There are, and I think the only real difference has been the community support. The community was behind the original pi and the guides, images and support show that, and it continues to this day.
If this becomes "enshittified" then communities will grow around the alternatives, it's likely there will be an overall winner (or winners per class) and we'll move on. The device itself wasn't ever the whole story.
If you were able to buy one at the beginning of the pandemic it was great. If you weren’t, then the 4 was annoying as fuck because it was impossible to purchase at anything less than 3X MSRP.

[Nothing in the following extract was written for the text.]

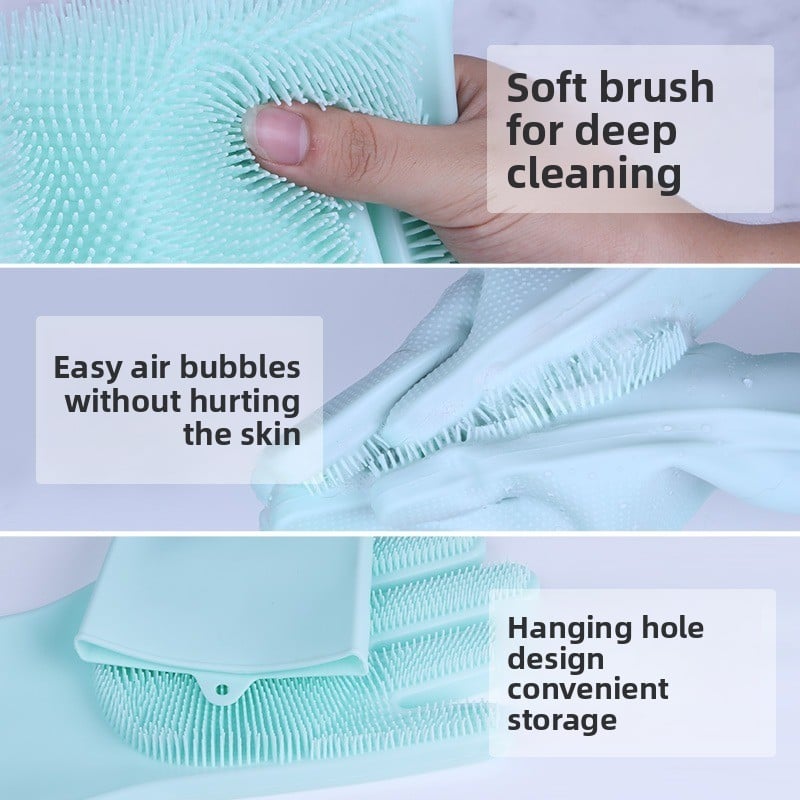 Pet Bath Gloves Dog Cat Bath Brush Silicone Bath Massage Brush Artifact Dog Scrubbing Supplies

I think a bunch of others gained some footing in the market when Raspberry Pi had supply chain issues during/after COVID. When I last shopped for a Pi, I saw a ton of other options.
Not the same form factor and around twice the price, erying es intel motherboards are a steal at their current price. You do need RAM / Storage / ATX PSU they end up a much more performant' piece of hardware.
The Q1J2 (20 threads) board I have despite it being an ES chip has given me no issues. Running most of my home services on the board with a coral nvme m.2 + nvme + sata storage. Can even do dual ethernet via the a+e m.2 and add-in more sata storage via m.2 to 6x sata board.
I've got a pi somewhere in the mounds of boards at home, but would rather spin up another container / pod / nspawn on my erying board vs go through the motions of setting up a pi.